Not One of These People, Royal Court, Martin Crimp, 2022
Photo by Carla Chable de la Héronnière
  • Theatre, Experimental
  • Recommended


‘Not One of These People’ review

3 out of 5 stars

Martin Crimp’s deepfake show is an out-there formal experiment that asks very hard questions about the ethics of authorship

Andrzej Lukowski

Time Out says

Avant-garde legend Martin Crimp’s latest show is only having a four-performance run at the Royal Court. While that presumably partly reflects the fact that its star – one Martin Crimp – isn’t up for a more intensive schedule, it’s also surely acknowledgment that ‘Not One of These People’ is more along the lines of an art experiment than ‘a play’ and that a six-week-run might be pushing it, even by the Court’s standards. 

Certainly Christian Lapoint’s production comes across as live art on a grand scale, although it’s very much a show about theatre.
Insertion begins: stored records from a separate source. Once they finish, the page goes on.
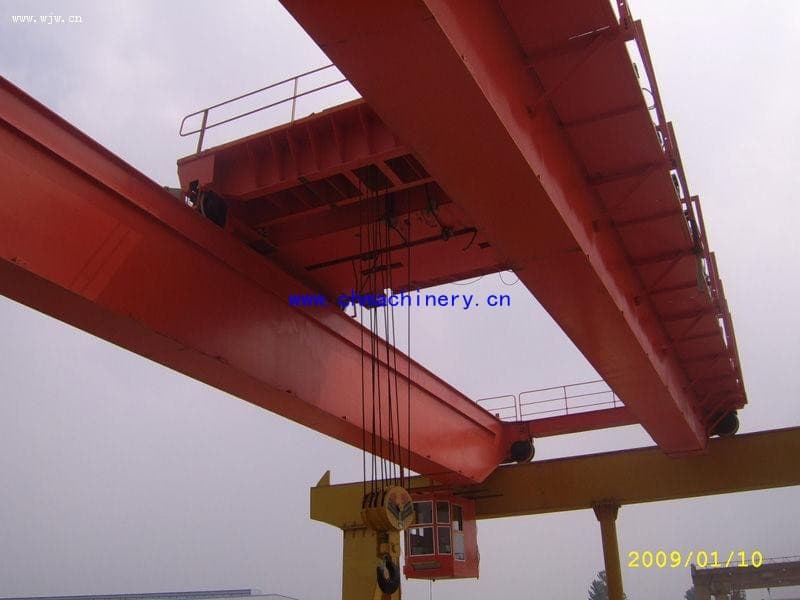 Standard 5 Ton Double Girder Overhead Crane for Workshop & Warehouse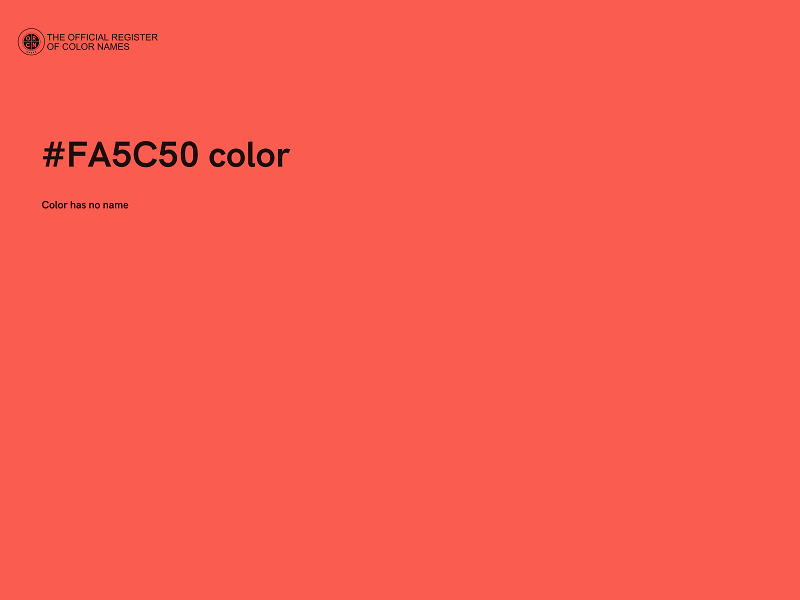 #FA5C50 color image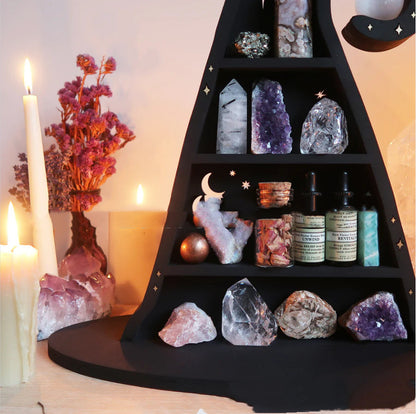 Witch Hat Crystal Shelf Travel Organizer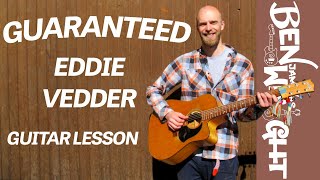 Guaranteed  Eddie Vedder  Guitar Lesson [upl. by Armin]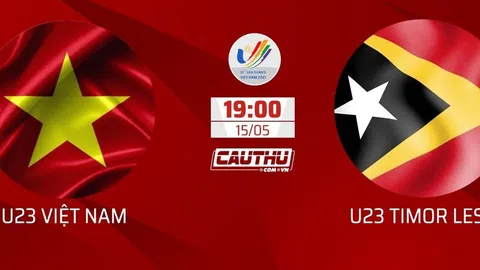 Trực tiếp bóng đá U23 Việt Nam vs U23 Timor Leste: Việt Nam cất loạt trụ cột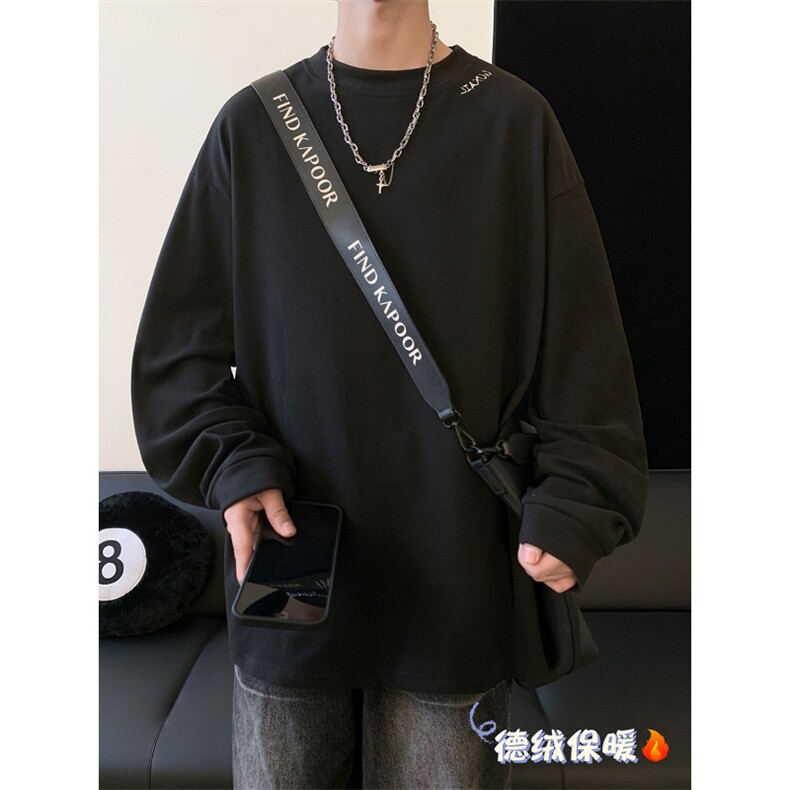 德绒长袖T恤潮流高领内搭高级感宽松打底衫TC1050-P21【特价】图片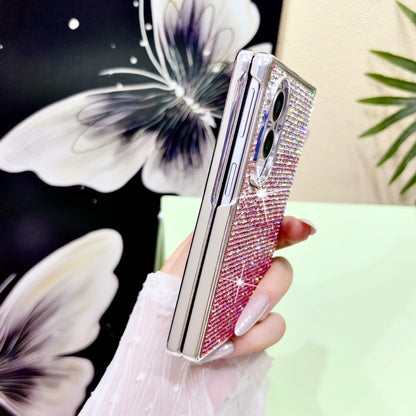 Samsung Fold electroplated gradient bracelet  diamond folding case (Exclusive)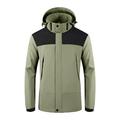 Tuphregyow Men s Casual Loose Windbreaker Jacket - Fashion Hooded Trench Coat for Outdoor Sports Plus Size and Thin Design Green L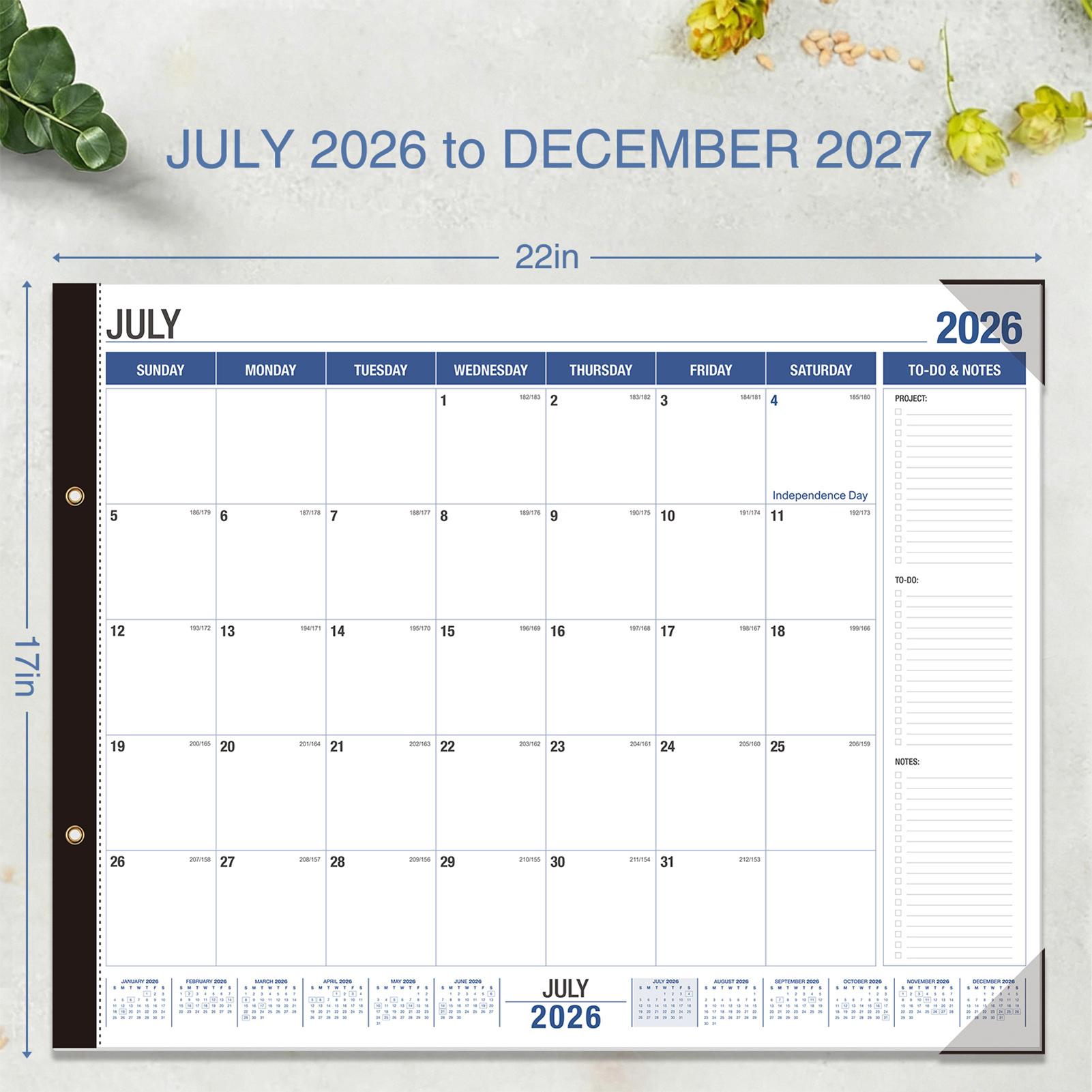 Large Calendar 2026-2027 Daily - Planned Parenthood recension och pris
At the start we’re drolly informed by a voice – Martin Crimp – that all the people we’re about to see are computer-generated avatars; none are ‘real’. A succession of images of these people – largely extremely convincing – pop up on stage, and an unseen Crimp narrates their thoughts: (‘I’ve never seen the sky looking so blue’; ‘I can’t resist antique coffee pots’). Although some thoughts are longer and more earnest, the effect is essentially absurd and comical. At some point Crimp casually wanders onstage. The portraits start to blink and goggle. Crimp fires up a couple of light rings and flicks on a camera and the faces become animated, moving in sync with his as he reads his lines off a tablet. They definitely don’t look quite right – they bulge a lot, and the programme absolutely can’t do hats – but it’s proper deepfake stuff.
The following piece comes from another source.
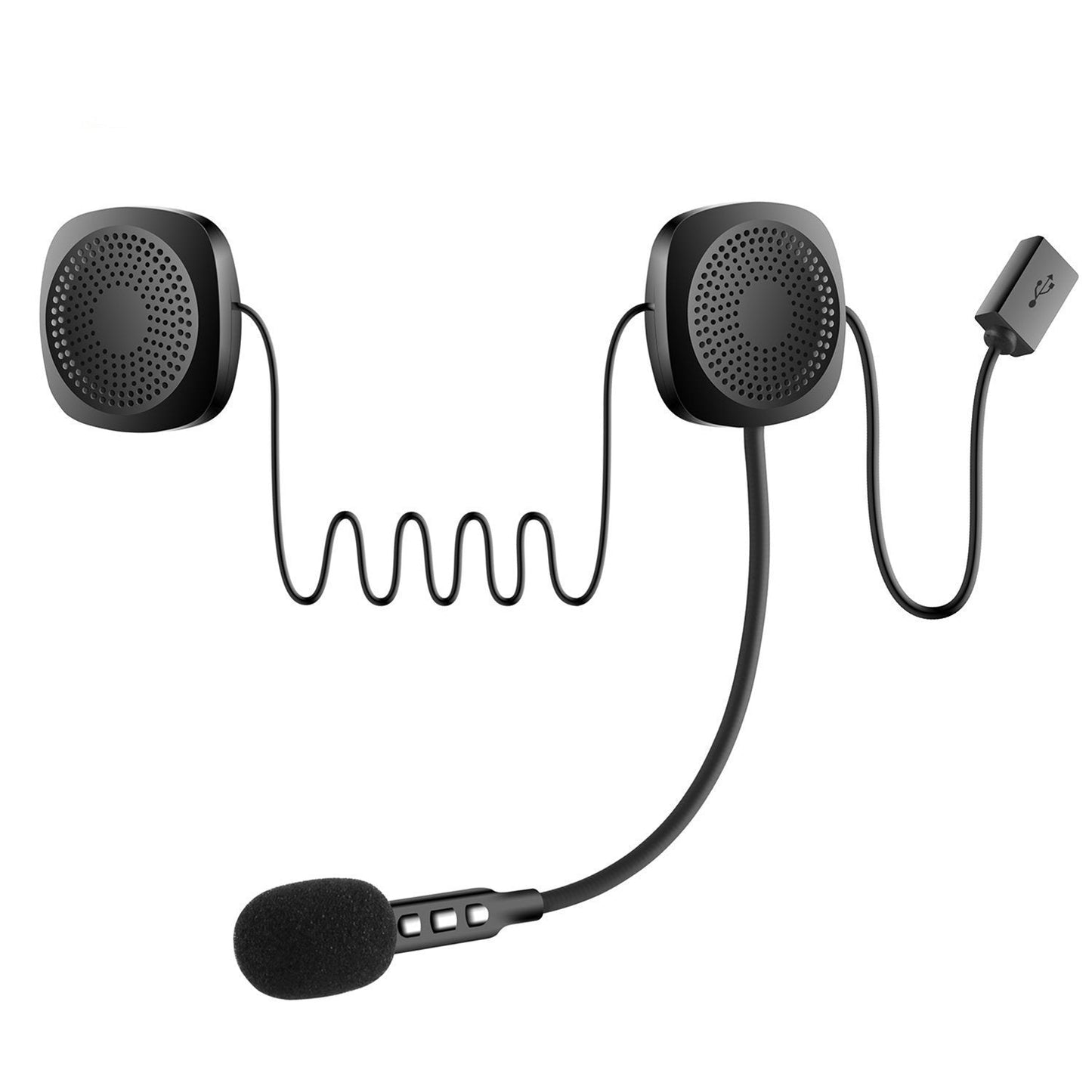 Compact Lightweight Helmet Headphones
There isn’t exactly a narrative at work, but there is a lot of people with distinct gender and racial identities: women talking about being women or Black people talking about being Black people. Seeing old white guy Crimp manipulate their uncanny valley avatars is unsettling; seek him talk about rape or the racism these characters have experienced does not feel entirely right. And yet… is this much different to an old white guy writing a play with a Black or female character? Eventually Crimp wanders off, leaving animated fakes with his voice to chat away to us for a while. Is this theatre at all? Or is his point that this is exactly what theatre is?

A formal dabbler who loves to muddy the moral waters, it shouldn’t be doubted that one, Crimp is clearly genuinely taken with the theatrical possibilities of deepfake technology and two, he is not for a second saying that nobody should be allowed to write plays about people who are different to them. Nonetheless, in amongst the more overtly weird moments – the improbably toothy baby railing against oil companies, for instance – it feels like it’s the more earnest bits that are the most unsettling. Crimp never says anything particularly offensive. But there is something creepy about how he manipulates a Black woman avatar to talk about ‘her’ race, even in a right-on fashion. And yet it wouldn’t be controversial at all if he’d simply written the lines for a Black actor to perform. But should it? 

Although there are stretches where it’s not even discernible whether ‘Not One of These People’ is live per se – as opposed to pre-recorded – it’s a very theatrical work, that ends with the reveal of an imitation of Crimp’s study. Eventually the fakes stop and we’re left with Crimp himself unleashing a forceful but almost incomprehensible speech: the fakes were easier to follow.

There is a trajectory to the show but not a narrative, and 100 minutes – and apparently 299 fakes! – can be quite a taxing watch. If Crimp and Lapoint were more focussed on the business of providing us with a zippy evening’s entertainment, they could probably have made it an hour long to much the same effect. But I don’t think Crimp is even slightly bothered about zippy entertainment. It almost feels a bit churlish rating something that’s so explicitly a short-run formal experiment, but critic’s gotta critique: ‘Not One of These People’ is maybe not unmissable theatre, but it’s an interesting and unnerving idea, a grand exercise in faking it that points to uncomfortable truths.